UniMoral -- Moral Hierarchy Framework

Evidence brief

What UniMoral can and cannot support

UniMoral is the clearest proposed test of whether per-person moral-foundation weights improve prediction over population averages. In the current project state, this remains an integration target rather than a completed result.

Signal Six languages plus MFQ2 profiles and VSM cultural values.

The dataset links annotator profiles to moral judgments, which matches MHF's parameterization surface.

MHF use Parameterize the graph with an annotator's profile, then compare predicted and actual judgments.

This is framed as a falsifiable validation experiment, not as a completed claim of accuracy.

Limits Smaller scale, sample bias, and stated-value measurement all constrain the inference.

MFQ2 profiles are useful, but they are not the same as revealed preferences in full relational contexts.

Dataset shape

Moral judgments with moral profiles attached

UniMoral is a multilingual moral evaluation dataset covering six languages: Arabic, Chinese, English, Hindi, Russian, and Spanish. What makes it useful here is not only the breadth -- it is the depth. Every annotator in UniMoral completed the MFQ2 (Moral Foundations Questionnaire, Second Edition), giving researchers their individual Haidt moral profile. Then those same annotators judged a set of moral dilemmas.

This means we can ask: does knowing someone's moral foundations profile predict their moral judgment? If it does, then MHF's architecture -- which parameterizes moral reasoning via Haidt foundation weights -- has individual-level evidence to test, not just cultural-level evidence.

6

Languages

MFQ2

Haidt profile per annotator

VSM

Cultural values measured

1st

Profile-to-judgment dataset

Validation experiment

Parameterize MHF with their profile. Predict their verdict.

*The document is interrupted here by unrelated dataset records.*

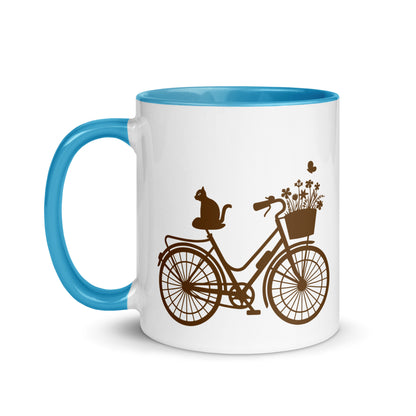 Whimsical Bike Ride: Feline Adventure Coffee Mug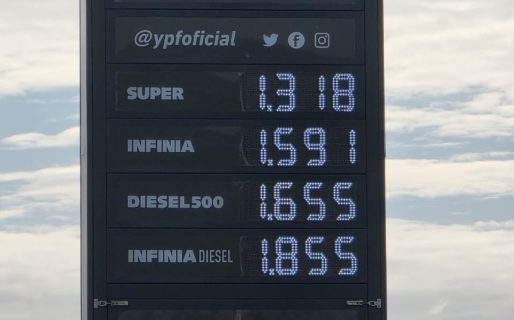 Nuevo aumento de combustibles: la nafta súper en Comodoro ya cuesta más de $1.300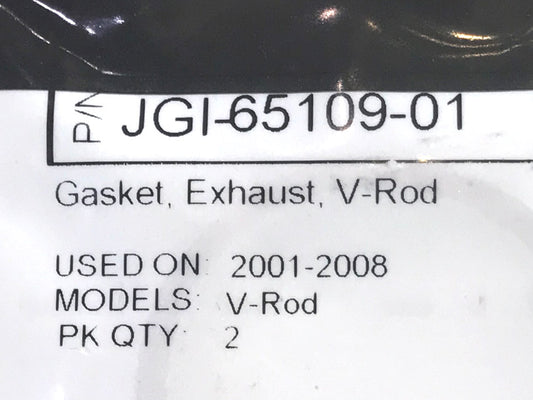 Exhaust Gasket Kit. Fits V-Rod 2002-2008.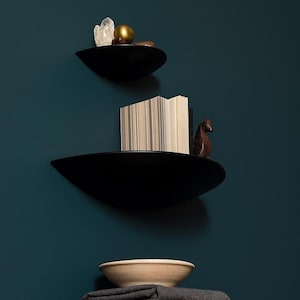 Round shelf for living room, wooden half round shelves, wood floating book shelf, half circle shelf, wood circle shelf, Round shelving units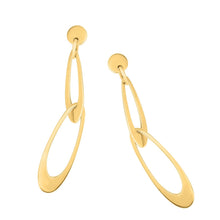 Load image into Gallery viewer, 14k Yellow Gold Italian Oval Link Earrings
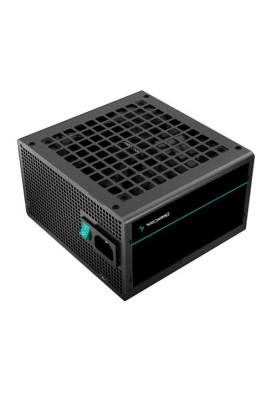 Блок живлення 600 Вт, Deepcool PF600, Black, 80+ Standard, Active PFC, 12 см, 2xMolex / 6xSATA / 4x6+2-pin / 2x4+4-pin / 20+4-pin, захист: OPP/OVP/SCP/UVP, ATX12V V2.4 (R-PF600D-HA0B-EU)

This is MHF's most direct validation opportunity. The experimental design is simple and falsifiable:

Individual Moral Prediction Pipeline

Take an annotator's own Haidt foundation weights. Plug them into MHF's parameterization. Run the dilemma through the graph. Compare the output to their actual judgment.

Step 1

Take annotator's MFQ2 scores

Care: 4.2 / Auth: 3.8 / Sanc: 4.5 ...

→

Step 2

Parameterize MHF graph with their profile as theta vector

theta = normalize(MFQ2_scores)

→

Step 3

Run constraint propagation on the same dilemma they judged

predict(dilemma, theta) vs actual_judgment

If MHF can predict individual annotator judgments better than a flat classifier that ignores moral profiles, the core thesis holds: moral reasoning is parameterized constraint propagation, not flat classification.

Auth

2.8

Sanct

3.1

The pattern is clear. WEIRD (Western, Educated, Industrialized, Rich, Democratic) populations weight Care and Fairness heavily while deprioritizing Authority and Sanctity. Non-WEIRD populations have a more balanced profile -- or even reverse the hierarchy. This is not a bug in the data. It is the core phenomenon MHF is designed to capture.

MHF test surface

What UniMoral tells us about parameterization

MHF Prediction	What UniMoral Can Test	Expected Result
High-Authority annotators differ from low-Authority	Split annotators by Authority MFQ2 score, compare judgments on authority-relevant dilemmas	Systematic divergence in obedience/conformity scenarios
High-Sanctity annotators differ from low-Sanctity	Same split on Sanctity, compare purity/sexuality dilemmas	Systematic divergence in disgust/purity scenarios
Individual theta predicts better than population mean	Compare prediction accuracy: per-annotator MHF vs. flat classifier	MHF per-annotator > flat by measurable margin
Cross-language profiles match Haidt literature	Compare average MFQ2 by language to published norms	Arabic/Hindi high Auth+Sanct; English high Care+Fair
MHF Christian params match high-Auth+Sanct annotators	Cluster annotators by profile similarity to Christian weights	High-similarity cluster disproportionately from Arabic, Hindi subsets

Strengths & Weaknesses

Honest assessment

✓ Strengths

Individual profiles. MFQ2 per annotator -- first dataset to connect moral psychology to moral judgment at the individual level
Multilingual. Six languages spanning four language families and multiple moral cultures
Cultural values. VSM (Values Survey Module) provides Hofstede-compatible cultural dimensions alongside Haidt foundations
Clean experimental design. Same dilemmas across languages enable cross-cultural comparison
Directly tests MHF. The parameterization architecture maps to MFQ2 profiles

⚠ Weaknesses

Smaller scale. Far fewer entries than AITA's 270K -- may lack statistical power for fine-grained splits
Annotator sample bias. Who volunteers for moral annotation studies is not random
No relational structure. Dilemmas do not include stakeholder graphs (same limitation as AITA)
MFQ2 captures stated values, not revealed preferences. What people say they value vs. how they actually judge may diverge
Six languages is not six cultures. Hindi-speaking India contains more moral diversity than this simplification captures

Reader takeaway

Why UniMoral matters for moral AI

The entire field of moral AI has been building systems that predict the average judgment of a culturally narrow population. This is useful for content moderation. It is useless for moral advice.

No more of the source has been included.